His three cronies froze, staring at their fallen leader, then at the unchanged cobblestones, then at the impassive man who had just appeared.
A system notification, visible only to Zane, chimed in his mind.
[Logic Overwrite] successful on target [Standard Leather Boots]. Parameter [Friction Coefficient: Active (1)] temporarily rewritten to [Friction Coefficient: Null (0)]. Duration: 2 seconds.
Zane’s eyes flicked to the next bully, a lanky kid who was already taking a half-step back. Zane’s fingers twitched again. [Logic Overwrite]. The kid’s own boots suddenly became as sticky as tar, his feet clamping to the ground as if welded there. He tried to run, but only succeeded in pitching forward, his face meeting the stone with a pained yelp.
Two down in under five seconds, without a single physical blow. The remaining two stared at Zane, then at their incapacitated friends, their bravado evaporating into raw fear. This wasn't a fight; it was a glitch in reality. They scrambled to help their friends and fled, dragging Rizzo away like a sack of potatoes.
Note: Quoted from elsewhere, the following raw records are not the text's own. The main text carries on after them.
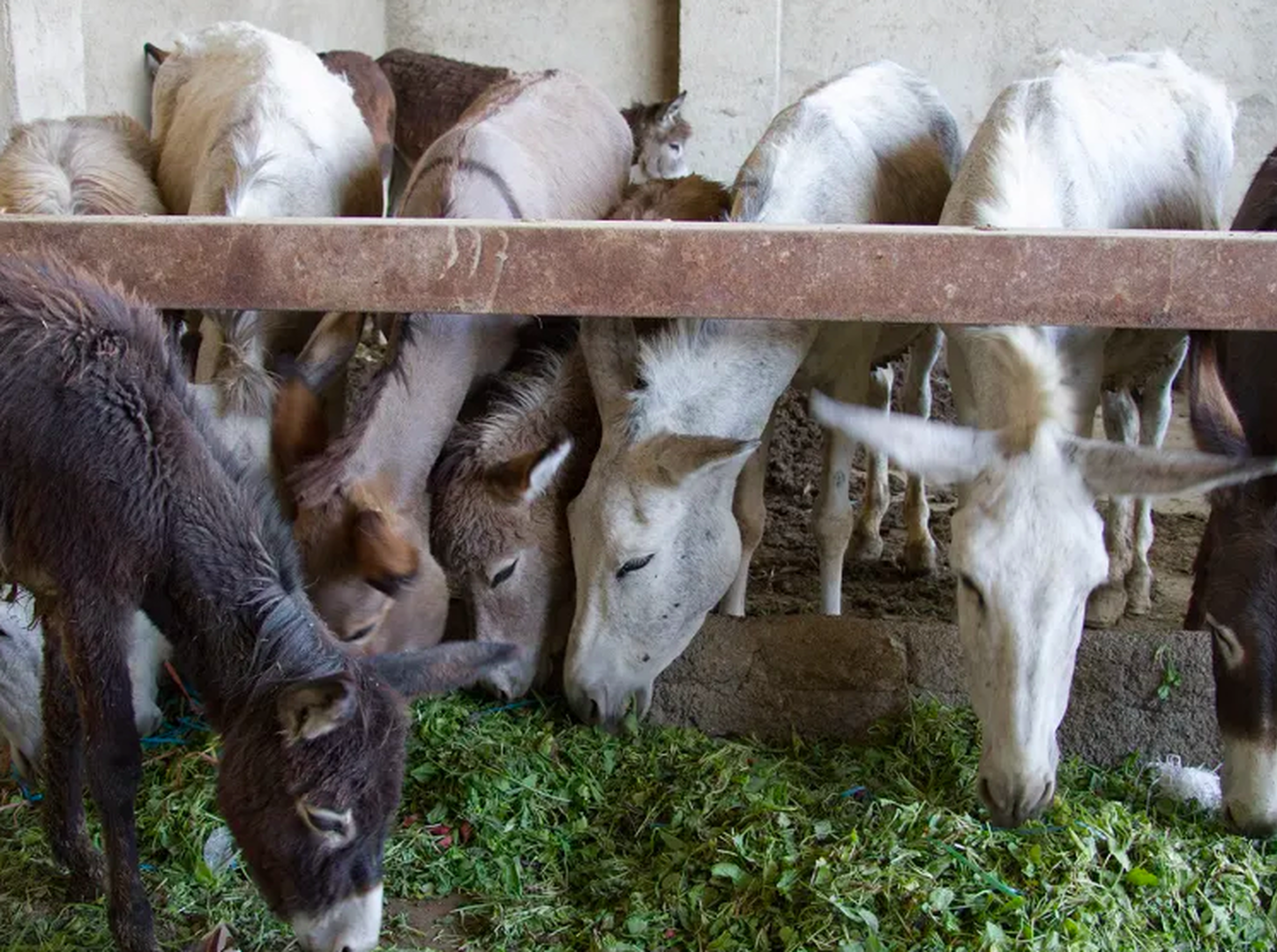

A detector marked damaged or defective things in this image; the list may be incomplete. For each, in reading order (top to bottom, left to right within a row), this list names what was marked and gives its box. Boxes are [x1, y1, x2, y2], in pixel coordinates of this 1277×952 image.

rusty metal rail [2, 214, 1277, 326]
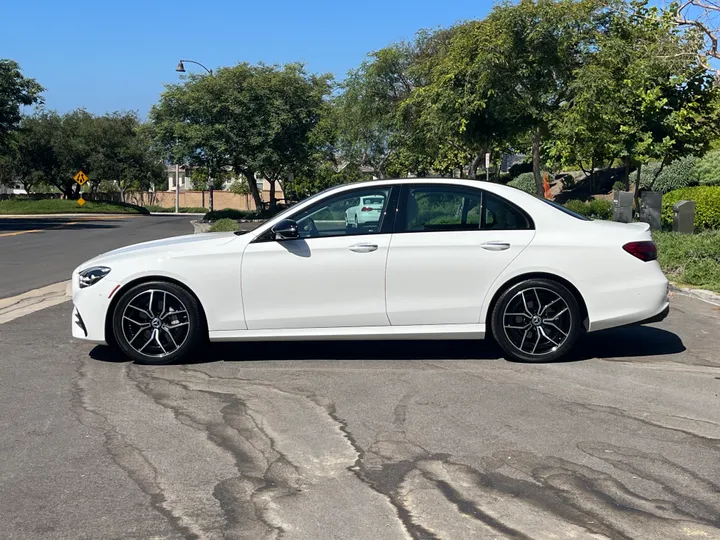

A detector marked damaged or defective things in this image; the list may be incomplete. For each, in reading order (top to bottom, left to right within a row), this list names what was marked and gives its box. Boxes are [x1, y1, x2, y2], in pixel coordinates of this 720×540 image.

cracked asphalt [0, 296, 716, 540]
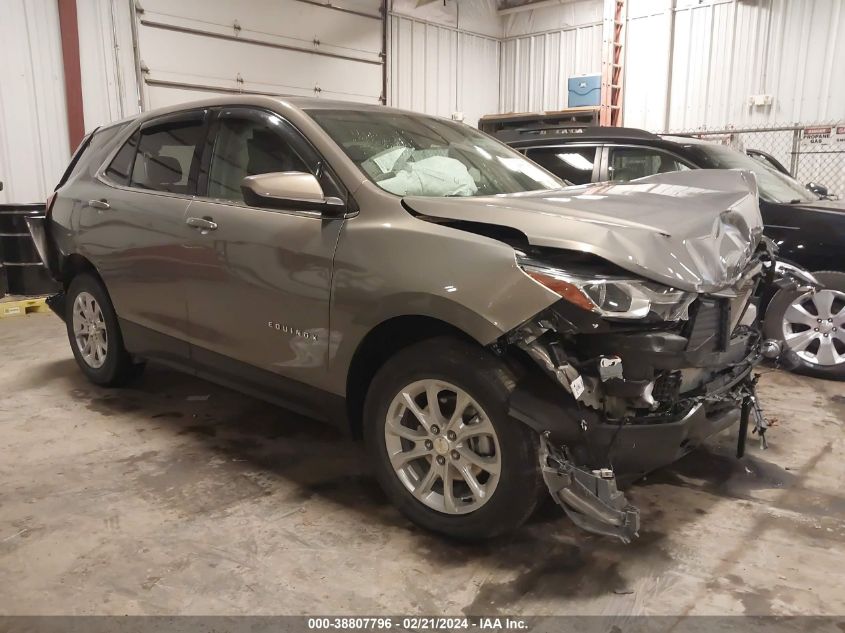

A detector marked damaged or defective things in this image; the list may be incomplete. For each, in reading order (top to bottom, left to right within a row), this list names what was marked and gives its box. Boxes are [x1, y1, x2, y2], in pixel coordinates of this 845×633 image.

damaged chevrolet equinox [29, 96, 800, 540]
crushed hood [404, 168, 764, 292]
broken headlight [516, 253, 696, 320]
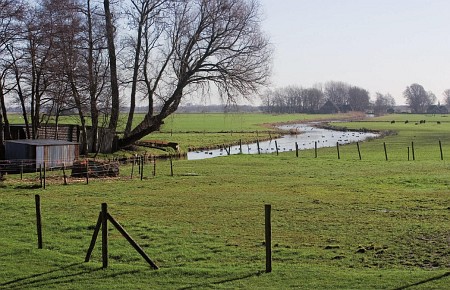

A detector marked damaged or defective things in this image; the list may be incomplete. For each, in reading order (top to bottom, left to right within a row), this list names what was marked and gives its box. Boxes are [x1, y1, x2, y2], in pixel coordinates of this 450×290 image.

rusty metal shed [4, 139, 80, 169]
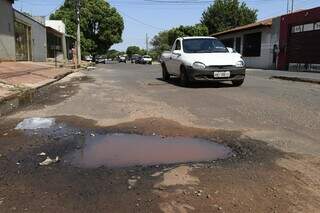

Silence descended. The young kid Liam had been protecting stammered his thanks and scurried off. It was just the two of them now.
Liam stared at Zane, his shield still held defensively. He was wary, confused, but also grateful. "What was that? Some kind of skill?"
"Something like that," Zane said, his voice even. He walked directly up to the larger man, meeting his gaze. There was no time to waste on pleasantries or explanations. Every second he spent here was a second the timeline could warp in a new, unpredictable direction.
"My name is Zane," he stated, not as an introduction, but as a declaration. "You're going to be my shield. I'm going to keep you alive. Your life, from this moment on, has a purpose beyond dying for a worthless guild."
Liam blinked, stunned by the sheer audacity and inexplicable truth in the stranger's words. He had no idea who this man was, but the cold certainty in his eyes was more compelling than any argument. It felt less like a choice and more like destiny.
"Okay," Liam found himself saying, the word leaving his mouth before his brain had fully processed it.
"Good," Zane said, his expression unchanged. He turned, his gaze already distant, focused on a future only he could see. "Now, we have to stop a murder."